Exercise requirements: Repeat the data exactly. Pictures are not part of the copy.

Material provided:
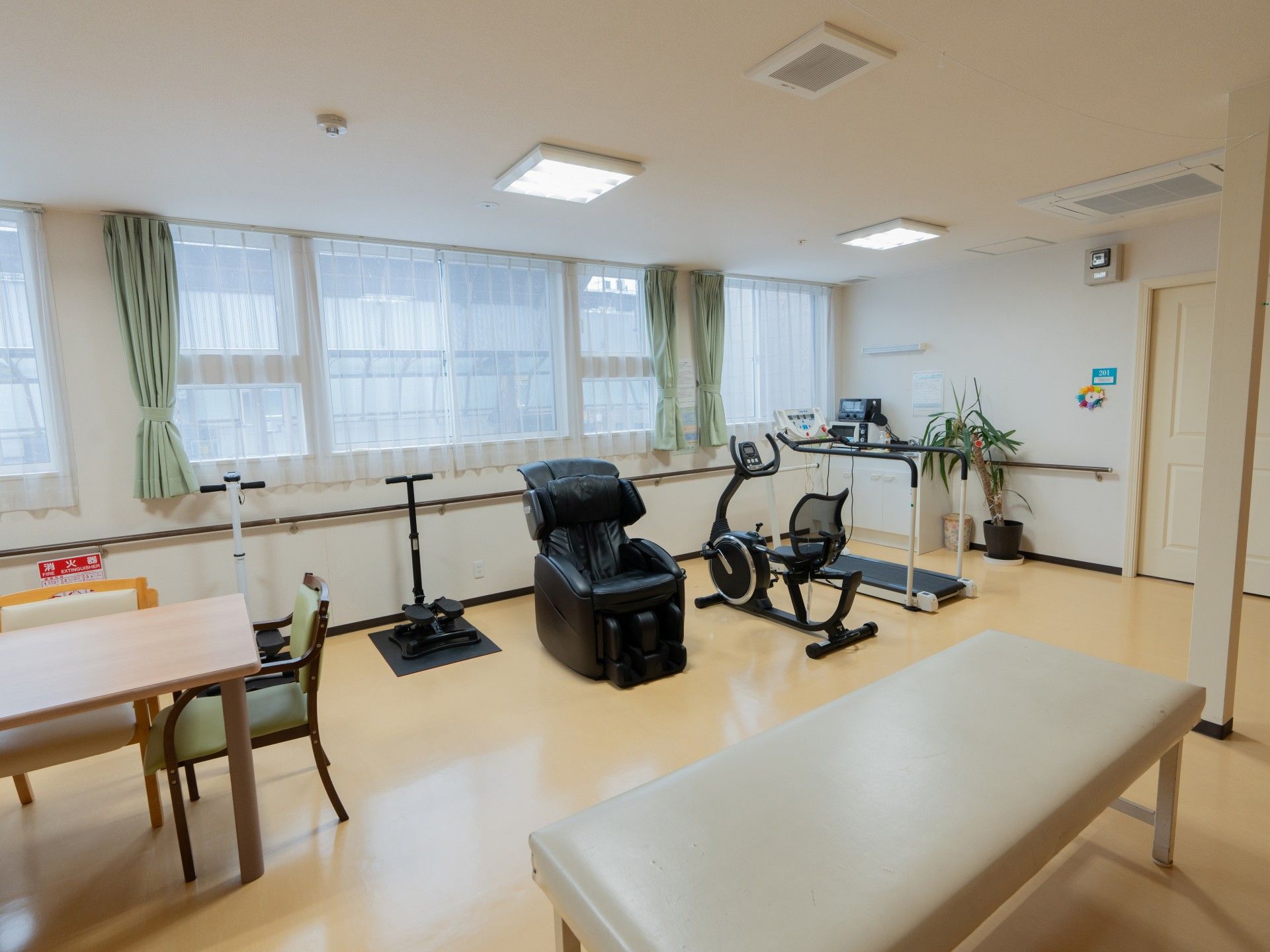 運動器具が並ぶ部屋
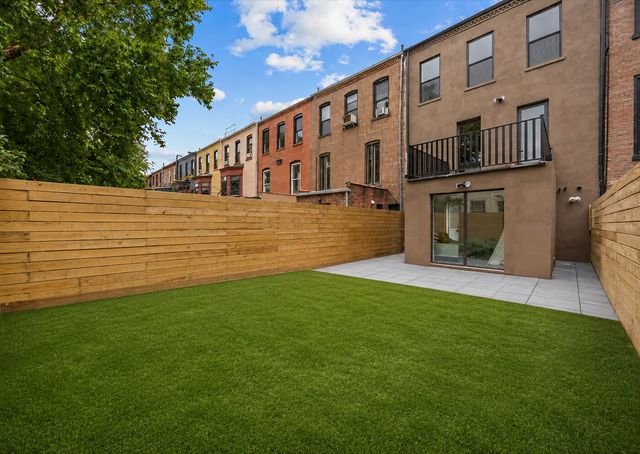208 LINCOLN Road, New York City, NY 11225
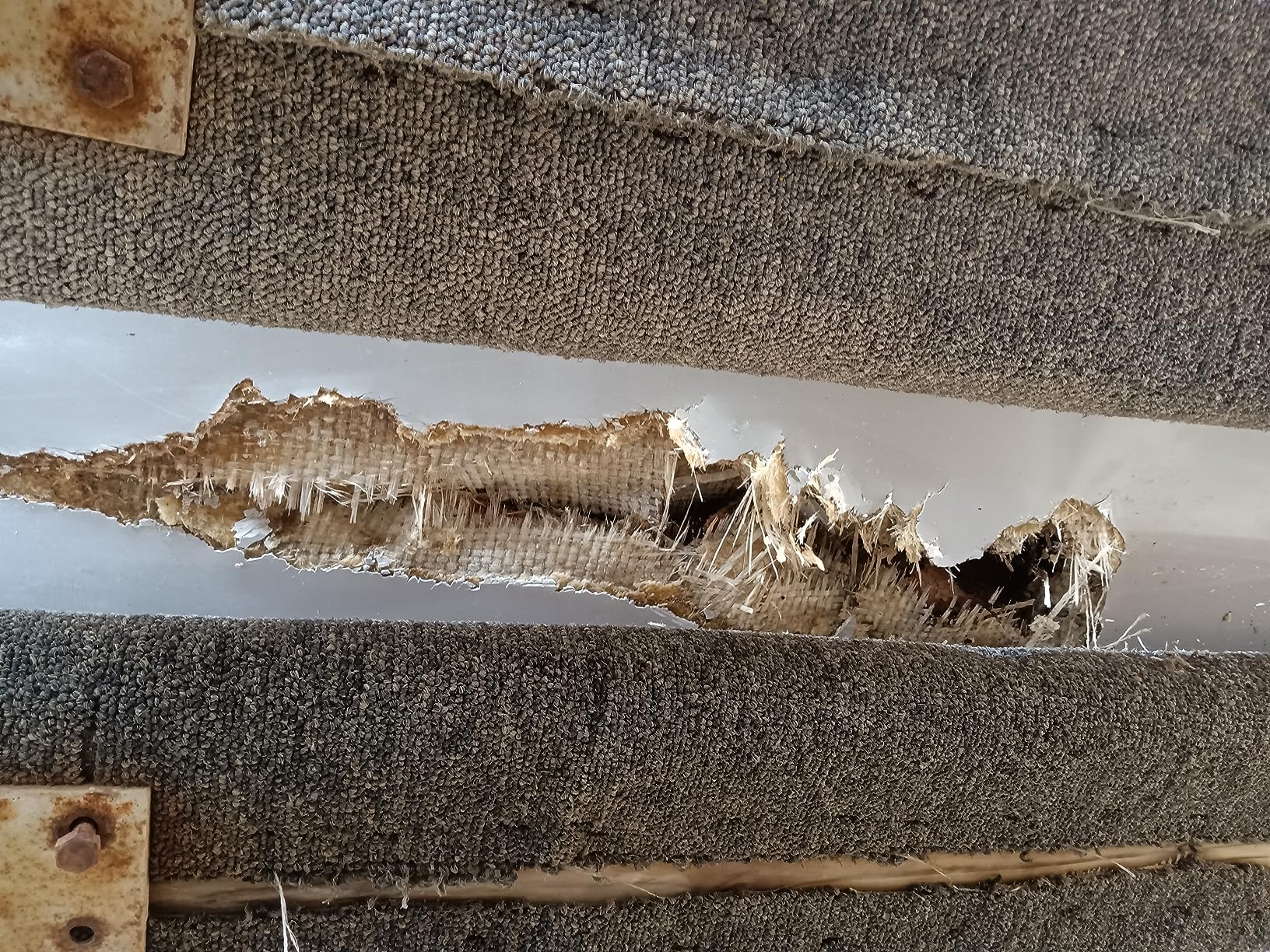 TotalBoat Marine Gelcoat for Boat Building, Repair and Composite Coatings (White, Quart with Wax) customer photo 2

Final answer:
 運動器具が並ぶ部屋
208 LINCOLN Road, New York City, NY 11225
 TotalBoat Marine Gelcoat for Boat Building, Repair and Composite Coatings (White, Quart with Wax) customer photo 2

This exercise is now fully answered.